*** Opening Supplied material ***

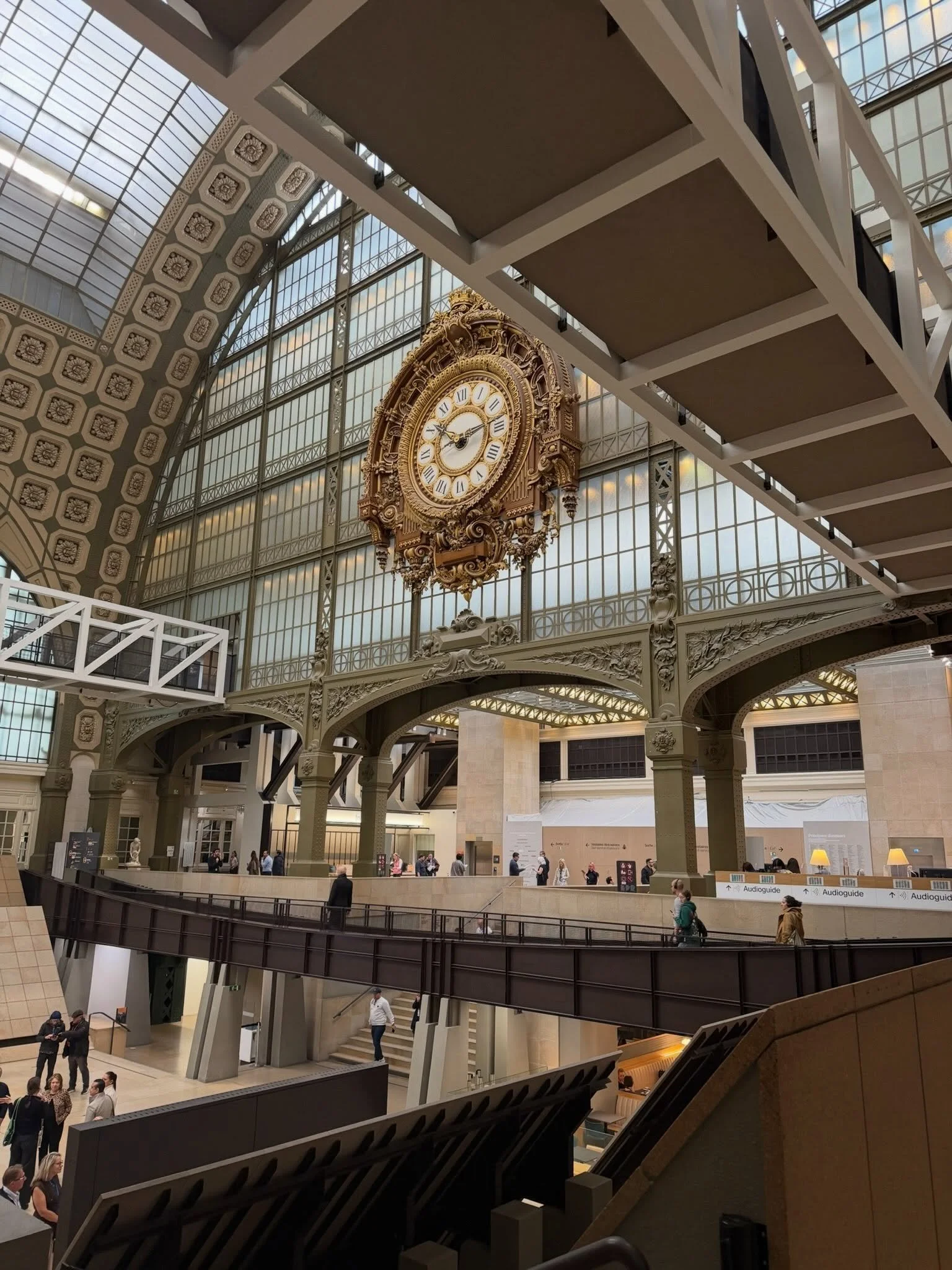 Amis! Friends! If you&rsquo;ve seen my stories I have a Paris highlight of my wonderful trip to Paris - a trip of a lifetime with my sister @naagm60 and dear friends @kuikenk @andymillerjones 

It&rsquo;s so hard to choose only 20 images per day! 

D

*** Closing Supplied material ***

Assignment = Please give back every line above exactly as it stands, without pictures.

Task output =
 Amis! Friends! If you&rsquo;ve seen my stories I have a Paris highlight of my wonderful trip to Paris - a trip of a lifetime with my sister @naagm60 and dear friends @kuikenk @andymillerjones 

It&rsquo;s so hard to choose only 20 images per day! 

D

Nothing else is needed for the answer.